I was a news photographer back in the early 1980s and we always cut out own stuff. I think news photographers have pretty much ALWAYS been their own editors.
And one of the reporters I worked with - who went on to national Washington, D.C. coverage - used to tell me about using a lightstand as a stand-in for himself so he could frame and focus his own shot (in 16mm film), roll film, step into the shot, kick the light stand out of the way and do his own standups! So one-man banding it and so on is SERIOUSLY old news.
As for the best use of the technology, I don't think it's killing editors. I think it's giving a lot of great chances for editors.
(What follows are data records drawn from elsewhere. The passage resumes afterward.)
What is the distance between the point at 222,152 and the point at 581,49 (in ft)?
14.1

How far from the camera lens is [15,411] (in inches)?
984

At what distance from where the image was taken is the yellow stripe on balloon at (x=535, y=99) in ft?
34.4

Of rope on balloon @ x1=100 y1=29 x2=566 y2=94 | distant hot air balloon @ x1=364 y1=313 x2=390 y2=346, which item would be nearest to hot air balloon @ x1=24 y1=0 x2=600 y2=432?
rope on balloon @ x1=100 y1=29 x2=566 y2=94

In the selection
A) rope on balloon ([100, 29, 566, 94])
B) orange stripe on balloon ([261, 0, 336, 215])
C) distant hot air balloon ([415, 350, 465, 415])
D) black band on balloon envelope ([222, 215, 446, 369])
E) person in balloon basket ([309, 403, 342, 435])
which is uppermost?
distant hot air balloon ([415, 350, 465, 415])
I know a lot of great editors in Chicago and around the country and this would let me work with good, real editors without having to have them drive (or be unable geographically) to work on a project.
This seems quite valuable - although it does open US post production up to "outsourcing." Hire a bunch of inexpensive editors from somewhere else and let them tap into the footage in LA or NY or Chicago. This has already happened with US animation which is largely done overseas in India or China.
Steve Hullfish
contributor: www.provideocoalition.com
author: "The Art and Technique of Digital Color Correction"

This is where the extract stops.